With regard to residential construction, homeowners can make themselves aware of the environmental impacts of the materials they build with. Doing so has never been easier. Many manufacturers issue formal Environmental Product Declarations that detail the specifics related to how the product comes to market including what it’s made of, where and how it is made, and the embodied and end-of-life carbon costs. Homeowners can also research materials through a variety of online resources including the Carbon Smart Materials Palette and the Inventory of Carbon and Energy to understand the embodied carbon costs of many common building products. Rewiring America, an organization dedicated to decarbonizing the economy by electrifying everything, issued a Household Saving Report that proposes to save the average American household between $1,050 and $2,585 a year on energy bills.

Going one step beyond reducing emissions, it’s also possible for homeowners to invest in carbon-negative building materials, meaning products that take more carbon out of the environment than they produce. Natural building materials that undergo photosynthesis draw carbon from the atmosphere and embody it during their growth cycle.

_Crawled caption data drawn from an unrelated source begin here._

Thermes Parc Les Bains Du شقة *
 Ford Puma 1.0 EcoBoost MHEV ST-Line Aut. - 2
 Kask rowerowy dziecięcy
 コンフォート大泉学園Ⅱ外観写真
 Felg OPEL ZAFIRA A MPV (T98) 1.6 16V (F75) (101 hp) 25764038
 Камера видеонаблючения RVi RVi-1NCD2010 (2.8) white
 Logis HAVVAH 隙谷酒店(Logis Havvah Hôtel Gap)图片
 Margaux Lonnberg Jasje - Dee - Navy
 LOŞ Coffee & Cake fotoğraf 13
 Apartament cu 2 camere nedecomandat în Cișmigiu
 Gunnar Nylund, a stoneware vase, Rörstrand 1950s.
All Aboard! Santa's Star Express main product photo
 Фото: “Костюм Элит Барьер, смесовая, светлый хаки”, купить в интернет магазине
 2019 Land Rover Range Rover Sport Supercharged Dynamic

When these trees are harvested, the atmospheric carbon sequestered within becomes inert as the wood is transformed into a building material or furniture.

Though reducing our collective carbon footprint will be humanity’s ongoing challenge for the foreseeable future, readers should understand that tremendous power remains with consumers. If we all increase personal awareness of the cost of carbon, the companies that make the things we buy have no choice but to prioritize carbon neutrality in everything we do for the good of us all.